Il le fait d’une manière extrêmement fine et précise peaufinant à chaque nouvelle passe ce travail. Il utilise beaucoup les Curves, et de ce qu’il m’en dit la précision du Baselight pour ce genre d’investigation est telle qu’il ne se sent jamais limité.

J’aime aussi beaucoup le soin qu’il met à organiser ses différentes couches, ses différents layers… cela lui permet d’avoir une base solide qu’il peut réinterroger à tout moment. Pour cela aussi le Baselight est un outil précieux.

 

–   Sébastien nous a confié, dans un précédent entretien, que pour lui l’étalonneur était un artisan et le chef opérateur le vrai artiste, qu’en pensez-vous ?

 

P: Dans la chaîne de fabrication d’un film chaque intervenant est à la fois un artisan au service des désirs de création de quelqu’un d’autre (le chef opérateur est l’artisan des désirs d’image du réalisateur) et l’artiste de son propre domaine d’action.

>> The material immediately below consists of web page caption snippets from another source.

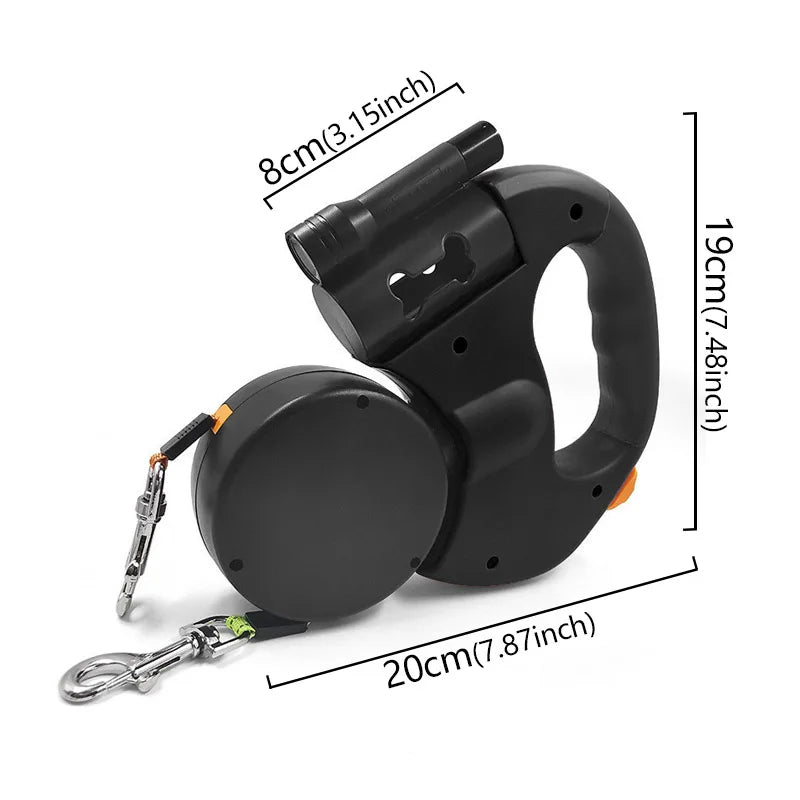 Double Head Automatic Retractable Dog Leash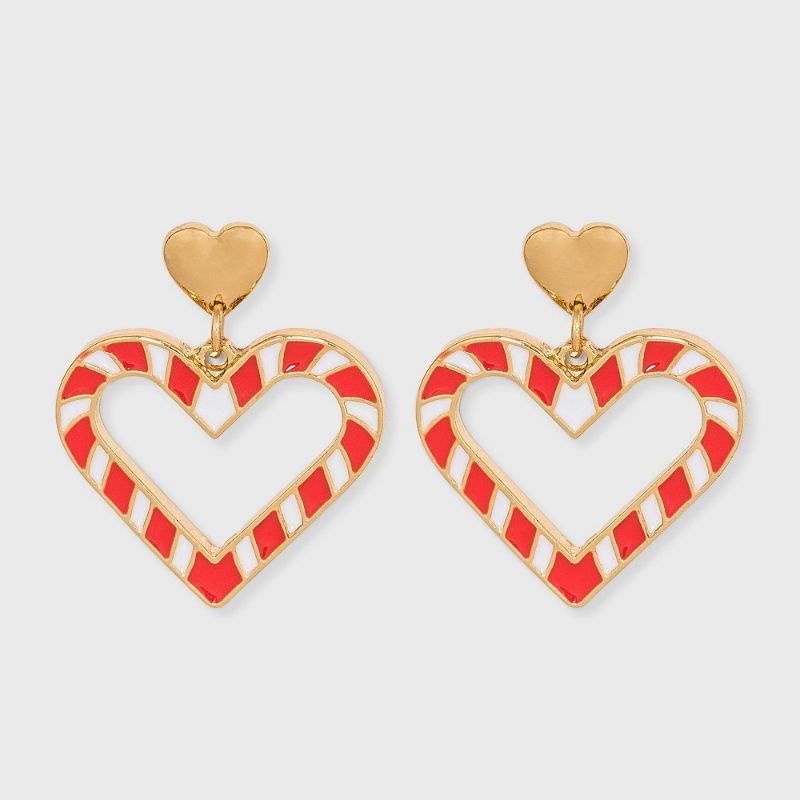 Photo 1 of Girls' Candy Cane Heart Earrings - Art Class™ 2 PAIRS
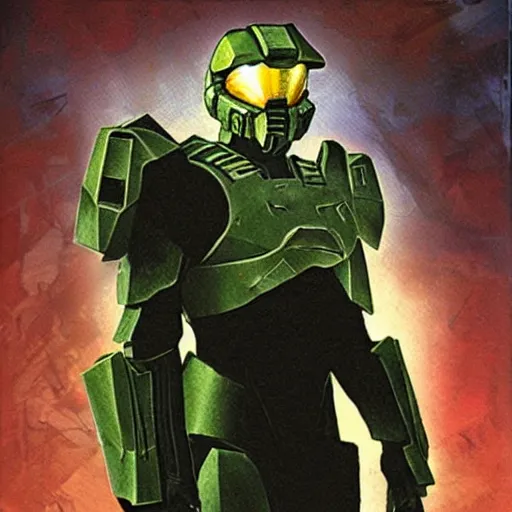 Image similar to Master Chief, by Dave McKean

À mon sens un étalonneur, quand il accepte d’accorder sincèrement sa sensibilité à celle du projet, quand il est plus intéressé par la création que par le résultat, est tout autant un artiste qu’un chef opérateur.

Je pense que Sébastien a dit cela, parce qu’il n’hésite pas à interroger son savoir faire, parce qu’il utilise sa machine d’étalonnage comme un instrument lui permettant de chercher et de faire évoluer son travail.

Ce qui était extrêmement agréable sur les deux films que nous avons fait ensemble c’est qu’il s’est chaque fois approprié les images et qu’elles sont devenues la matière première de sa propre créativité.

Il n’y a rien de plus flatteur à mon sens que de voir son travail être fécond et porteur d’idées pour quelqu’un d’autre.

 

–   Sur quoi travaillez-vous en ce moment ?

S: En ce qui me concerne, je travaille principalement en ce moment sur des films publicitaires et des clips. J’ai une restauration et un long metrage prévus au printemps.

P: Je viens de finir le film d’Antonin Baudry, qui se passe dans l’univers des sous marins et je suis actuellement en tournage du film d’Antoine Raimbault qui est un film de procès.